I've been asking since post #49...

Tim,

I intended to answer you in 51. It was my first post after your 49. The answer was in the affirmative. I then saw that what I had placed in quotes above my response was something that makes no sense and I realized later that you couldn’t have known my post was for you. Last night I edited out what was in quotes. I didn’t even recognize whose quote it was. What remains has been my original response to you.

That said, I then reconsidered whether I could truthfully answer in the affirmative given that I couldn’t be certain what Jacob meant by “united.” So, rather than point you to my previous answer in 51, I sent a pm to Jacob Monday afternoon with my position relative to his direct quote. I didn’t solicit his response nor did I discourage it. I just wanted to make my view of his quote plain to him. From the public thread, it appears to me he thinks we agree. But even if he said we agreed, that agreement would be predicted upon a particular understanding of union. Depending on that, there could be no true agreement. That’s why I can’t give you a simple yes or no.

Here it is:

“The human soul of Christ and his body are separated from each other, but they are still united to the divine person so that the hypostatic union isn't broken.”

Jacob,

My position is, the hypostatic union isn’t dependent upon the divine essence of the Second Person occupying the human body for three days. The mystical union of the Second Person entails a divine person united to a human nature without division or confusion. That’s the essence (small pun intended). If the Second Person’s soul can be separated from the body, then so can his divine nature without violating the hypostatic union just as long as the two natures remain intact as one person. If a human person can exist in the intermediate state apart from the body yet still remain a human person due to the preeminence of the soul (Vos), then all the more can a divine person with a human and divine nature be separated from his human body while remaining a two nature person. To deny this is to give undo precedence to the body of the Son. It’s also to imply that persons do not exist if separated from the body. Thoughts?

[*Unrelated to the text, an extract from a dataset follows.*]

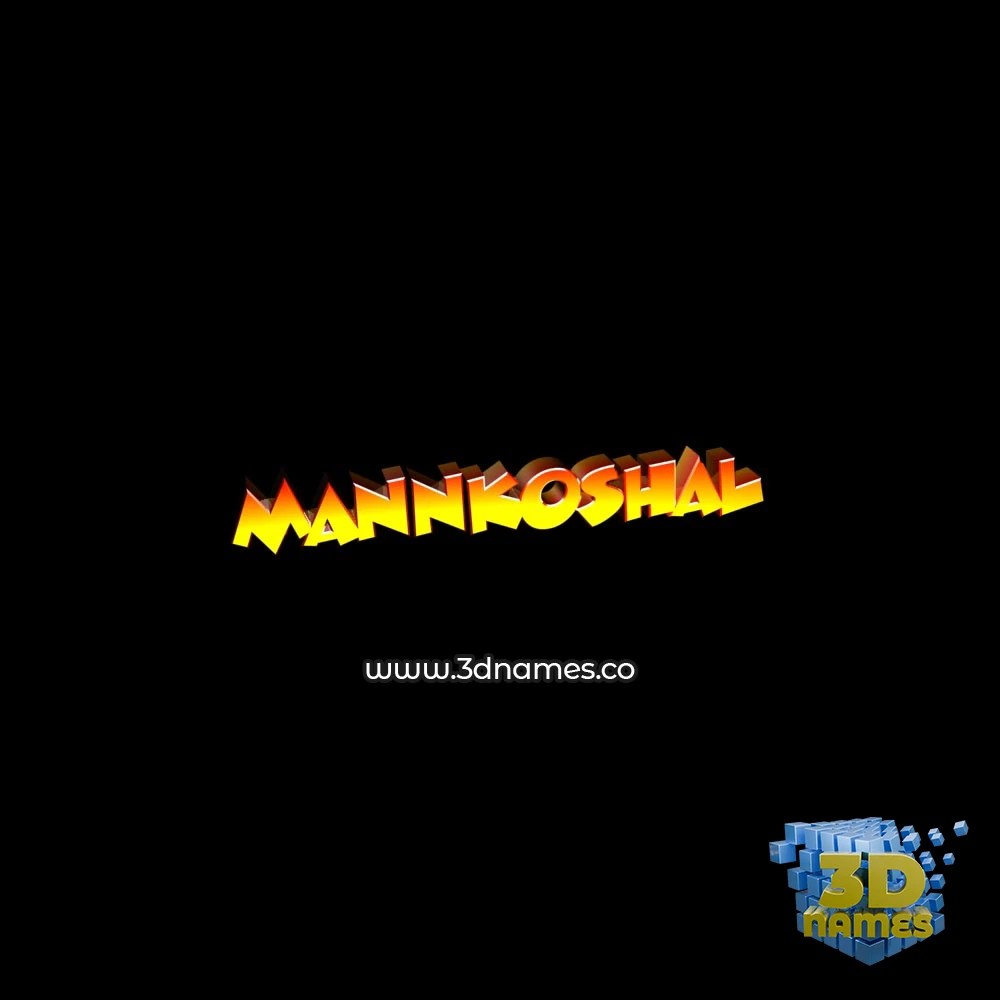 mannkoshal in Black Background style - 3D name wallpaper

In addition, any union a person, whether divine or human, has with its corpse will be difficult to define. It would be akin to sacramental union or an identity union, but not a union of perichoresis.
 
Can you tell me why you think it is incorrect to believe the Divine Person animates the human body? I will have more questions about the Divine Person and the body of Christ and what that entails in more detail tomorrow. I have so much to learn.

Without the Son taking to himself a human mind..., then only mindless humans were redeemed. Of course there aren’t any such humans. So, if men are redeemed, then the Son has a human mind.
 
My position is, the hypostatic union isn’t dependent upon the divine essence of the Second Person occupying the human body for three days.

I don't see a problem with that. Since a "human body" doesn't equal the human nature, and since Jesus gave up the ghost, that seems fairly straightforward.
 
Without the Son taking to himself a human mind..., then only mindless humans were redeemed. Of course there aren’t any such humans. So, if men are redeemed, then the Son has a human mind.
This is part of the problem here with your responses RWD. py3ak notes to you, "I am hesitant to say much about the post quoted above, because anything I do say may be subjected to the same process of imaginative and inaccurate expansion." I believe you have done the same thing here with me. Some would say it is an obfuscation if it was avoiding answering a question. I can't accuse you of that since I wasn't asking anything from you. At the same time I have to say that the response you write above addresses nothing I was even considering.
I am hesitant to say much about the post quoted above, because anything I do say may be subjected to the same process of imaginative and inaccurate expansion.